--- PROVIDED DATA ---
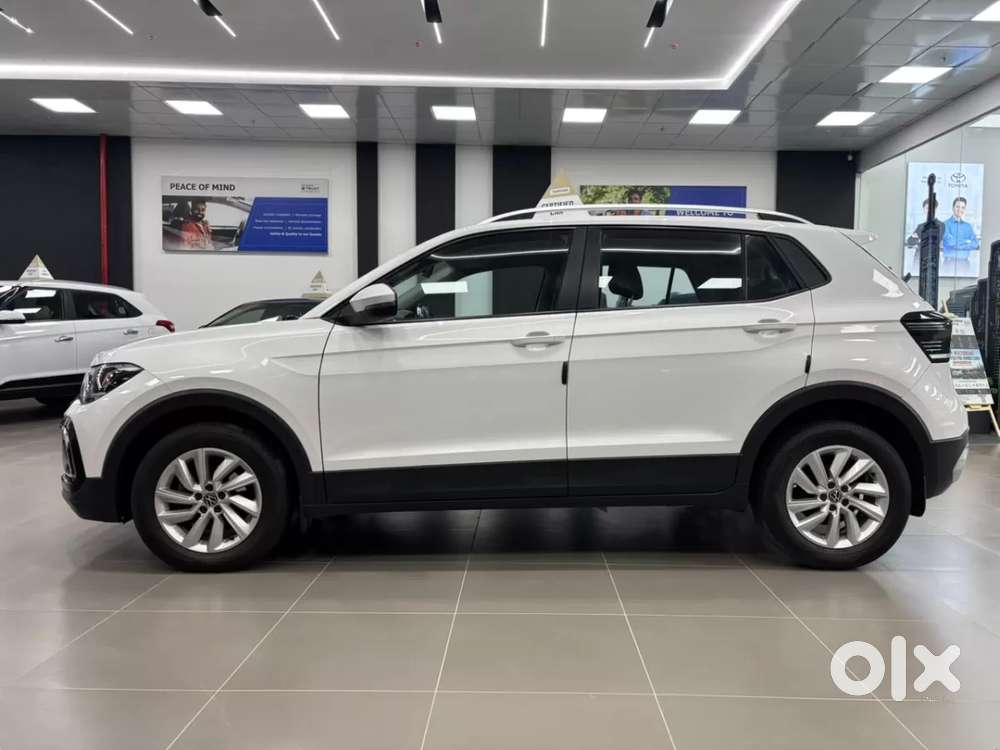 Volkswagen Taigun 1.0 Tsi Topline At, 2023, Petrol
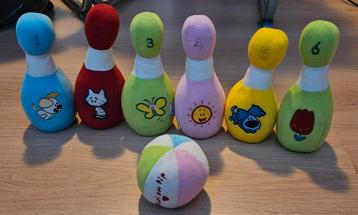 Woezel & Pip kegelspel (met zachte kegels) beschikbaar voor biedingen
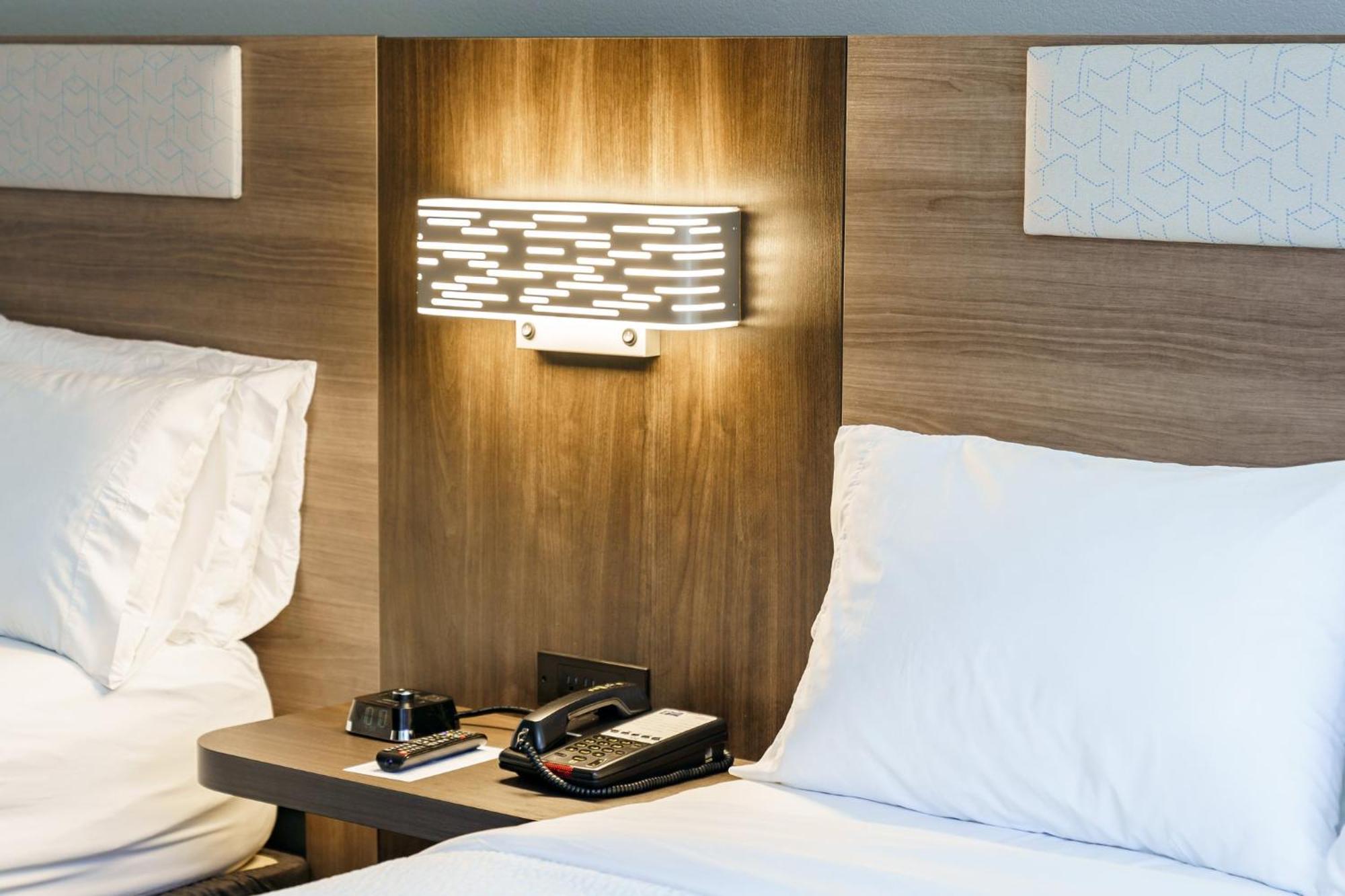 Holiday Inn Express Hotel Raleigh Southwest By Ihg Esterno foto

--- WHAT YOU NEED TO DO ---
Begin with the line holding "Woezel & Pip" and end with the last line of the listing. Reproduce each of those lines exactly, and leave every picture out.

--- ANSWER ---
 Woezel & Pip kegelspel (met zachte kegels) beschikbaar voor biedingen
 Holiday Inn Express Hotel Raleigh Southwest By Ihg Esterno foto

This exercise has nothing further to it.